• _TASK REQUIREMENTS_:
Print back every record below, exactly as it stands.

• _EXCERPTED DATA_:
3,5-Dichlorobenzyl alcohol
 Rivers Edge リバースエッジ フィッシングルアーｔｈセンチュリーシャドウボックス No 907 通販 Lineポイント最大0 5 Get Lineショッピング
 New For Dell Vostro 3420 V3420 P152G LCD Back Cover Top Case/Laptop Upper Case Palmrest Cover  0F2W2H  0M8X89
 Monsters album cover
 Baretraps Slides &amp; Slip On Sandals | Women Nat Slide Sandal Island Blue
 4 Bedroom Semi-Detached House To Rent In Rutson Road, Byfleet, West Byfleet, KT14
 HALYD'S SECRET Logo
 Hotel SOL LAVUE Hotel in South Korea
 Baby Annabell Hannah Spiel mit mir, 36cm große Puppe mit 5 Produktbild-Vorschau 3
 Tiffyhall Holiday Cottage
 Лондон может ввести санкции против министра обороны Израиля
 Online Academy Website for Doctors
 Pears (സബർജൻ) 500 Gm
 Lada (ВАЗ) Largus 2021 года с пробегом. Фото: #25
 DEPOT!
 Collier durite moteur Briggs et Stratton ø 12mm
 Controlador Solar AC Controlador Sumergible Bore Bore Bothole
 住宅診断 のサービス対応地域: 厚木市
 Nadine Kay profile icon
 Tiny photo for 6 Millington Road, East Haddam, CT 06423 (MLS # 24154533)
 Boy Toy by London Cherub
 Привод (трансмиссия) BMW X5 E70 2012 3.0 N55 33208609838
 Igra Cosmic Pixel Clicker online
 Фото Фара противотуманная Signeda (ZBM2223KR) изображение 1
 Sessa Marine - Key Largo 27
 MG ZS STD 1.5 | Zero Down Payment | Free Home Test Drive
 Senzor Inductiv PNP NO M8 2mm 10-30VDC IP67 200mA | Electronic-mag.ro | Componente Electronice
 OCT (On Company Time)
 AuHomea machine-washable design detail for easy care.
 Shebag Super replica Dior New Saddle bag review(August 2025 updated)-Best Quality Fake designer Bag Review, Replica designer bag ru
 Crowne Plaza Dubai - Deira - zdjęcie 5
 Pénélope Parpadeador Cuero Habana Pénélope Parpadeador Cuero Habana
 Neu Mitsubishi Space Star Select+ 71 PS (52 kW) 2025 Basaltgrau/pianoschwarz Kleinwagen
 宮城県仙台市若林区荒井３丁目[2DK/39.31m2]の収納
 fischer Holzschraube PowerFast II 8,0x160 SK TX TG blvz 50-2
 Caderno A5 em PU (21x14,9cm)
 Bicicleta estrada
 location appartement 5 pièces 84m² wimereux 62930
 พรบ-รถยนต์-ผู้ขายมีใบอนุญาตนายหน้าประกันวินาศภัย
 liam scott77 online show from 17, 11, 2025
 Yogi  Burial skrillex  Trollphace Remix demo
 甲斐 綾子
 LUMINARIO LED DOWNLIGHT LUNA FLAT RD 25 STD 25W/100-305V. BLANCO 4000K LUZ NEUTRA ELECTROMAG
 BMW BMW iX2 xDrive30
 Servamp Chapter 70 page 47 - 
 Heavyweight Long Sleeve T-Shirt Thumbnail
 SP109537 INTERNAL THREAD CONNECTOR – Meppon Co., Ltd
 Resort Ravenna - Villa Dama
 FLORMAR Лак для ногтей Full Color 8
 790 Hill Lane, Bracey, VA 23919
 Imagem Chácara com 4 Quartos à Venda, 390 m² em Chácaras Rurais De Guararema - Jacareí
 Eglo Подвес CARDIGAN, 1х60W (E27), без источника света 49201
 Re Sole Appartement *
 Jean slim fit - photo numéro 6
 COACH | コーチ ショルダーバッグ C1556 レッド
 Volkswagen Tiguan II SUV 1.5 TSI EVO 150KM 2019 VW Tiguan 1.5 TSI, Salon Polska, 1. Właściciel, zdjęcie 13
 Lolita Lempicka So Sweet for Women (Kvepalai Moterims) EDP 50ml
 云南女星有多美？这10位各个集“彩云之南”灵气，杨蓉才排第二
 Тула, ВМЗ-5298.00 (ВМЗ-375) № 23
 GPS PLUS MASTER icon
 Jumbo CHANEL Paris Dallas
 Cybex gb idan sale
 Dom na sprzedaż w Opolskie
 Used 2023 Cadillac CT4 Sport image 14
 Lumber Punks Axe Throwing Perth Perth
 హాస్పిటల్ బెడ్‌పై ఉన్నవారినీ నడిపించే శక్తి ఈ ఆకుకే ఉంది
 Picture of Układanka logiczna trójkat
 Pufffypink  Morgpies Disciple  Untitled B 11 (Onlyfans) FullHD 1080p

• _RESULT BELOW_:
3,5-Dichlorobenzyl alcohol
 Rivers Edge リバースエッジ フィッシングルアーｔｈセンチュリーシャドウボックス No 907 通販 Lineポイント最大0 5 Get Lineショッピング
 New For Dell Vostro 3420 V3420 P152G LCD Back Cover Top Case/Laptop Upper Case Palmrest Cover  0F2W2H  0M8X89
 Monsters album cover
 Baretraps Slides &amp; Slip On Sandals | Women Nat Slide Sandal Island Blue
 4 Bedroom Semi-Detached House To Rent In Rutson Road, Byfleet, West Byfleet, KT14
 HALYD'S SECRET Logo
 Hotel SOL LAVUE Hotel in South Korea
 Baby Annabell Hannah Spiel mit mir, 36cm große Puppe mit 5 Produktbild-Vorschau 3
 Tiffyhall Holiday Cottage
 Лондон может ввести санкции против министра обороны Израиля
 Online Academy Website for Doctors
 Pears (സബർജൻ) 500 Gm
 Lada (ВАЗ) Largus 2021 года с пробегом. Фото: #25
 DEPOT!
 Collier durite moteur Briggs et Stratton ø 12mm
 Controlador Solar AC Controlador Sumergible Bore Bore Bothole
 住宅診断 のサービス対応地域: 厚木市
 Nadine Kay profile icon
 Tiny photo for 6 Millington Road, East Haddam, CT 06423 (MLS # 24154533)
 Boy Toy by London Cherub
 Привод (трансмиссия) BMW X5 E70 2012 3.0 N55 33208609838
 Igra Cosmic Pixel Clicker online
 Фото Фара противотуманная Signeda (ZBM2223KR) изображение 1
 Sessa Marine - Key Largo 27
 MG ZS STD 1.5 | Zero Down Payment | Free Home Test Drive
 Senzor Inductiv PNP NO M8 2mm 10-30VDC IP67 200mA | Electronic-mag.ro | Componente Electronice
 OCT (On Company Time)
 AuHomea machine-washable design detail for easy care.
 Shebag Super replica Dior New Saddle bag review(August 2025 updated)-Best Quality Fake designer Bag Review, Replica designer bag ru
 Crowne Plaza Dubai - Deira - zdjęcie 5
 Pénélope Parpadeador Cuero Habana Pénélope Parpadeador Cuero Habana
 Neu Mitsubishi Space Star Select+ 71 PS (52 kW) 2025 Basaltgrau/pianoschwarz Kleinwagen
 宮城県仙台市若林区荒井３丁目[2DK/39.31m2]の収納
 fischer Holzschraube PowerFast II 8,0x160 SK TX TG blvz 50-2
 Caderno A5 em PU (21x14,9cm)
 Bicicleta estrada
 location appartement 5 pièces 84m² wimereux 62930
 พรบ-รถยนต์-ผู้ขายมีใบอนุญาตนายหน้าประกันวินาศภัย
 liam scott77 online show from 17, 11, 2025
 Yogi  Burial skrillex  Trollphace Remix demo
 甲斐 綾子
 LUMINARIO LED DOWNLIGHT LUNA FLAT RD 25 STD 25W/100-305V. BLANCO 4000K LUZ NEUTRA ELECTROMAG
 BMW BMW iX2 xDrive30
 Servamp Chapter 70 page 47 - 
 Heavyweight Long Sleeve T-Shirt Thumbnail
 SP109537 INTERNAL THREAD CONNECTOR – Meppon Co., Ltd
 Resort Ravenna - Villa Dama
 FLORMAR Лак для ногтей Full Color 8
 790 Hill Lane, Bracey, VA 23919
 Imagem Chácara com 4 Quartos à Venda, 390 m² em Chácaras Rurais De Guararema - Jacareí
 Eglo Подвес CARDIGAN, 1х60W (E27), без источника света 49201
 Re Sole Appartement *
 Jean slim fit - photo numéro 6
 COACH | コーチ ショルダーバッグ C1556 レッド
 Volkswagen Tiguan II SUV 1.5 TSI EVO 150KM 2019 VW Tiguan 1.5 TSI, Salon Polska, 1. Właściciel, zdjęcie 13
 Lolita Lempicka So Sweet for Women (Kvepalai Moterims) EDP 50ml
 云南女星有多美？这10位各个集“彩云之南”灵气，杨蓉才排第二
 Тула, ВМЗ-5298.00 (ВМЗ-375) № 23
 GPS PLUS MASTER icon
 Jumbo CHANEL Paris Dallas
 Cybex gb idan sale
 Dom na sprzedaż w Opolskie
 Used 2023 Cadillac CT4 Sport image 14
 Lumber Punks Axe Throwing Perth Perth
 హాస్పిటల్ బెడ్‌పై ఉన్నవారినీ నడిపించే శక్తి ఈ ఆకుకే ఉంది
 Picture of Układanka logiczna trójkat
 Pufffypink  Morgpies Disciple  Untitled B 11 (Onlyfans) FullHD 1080p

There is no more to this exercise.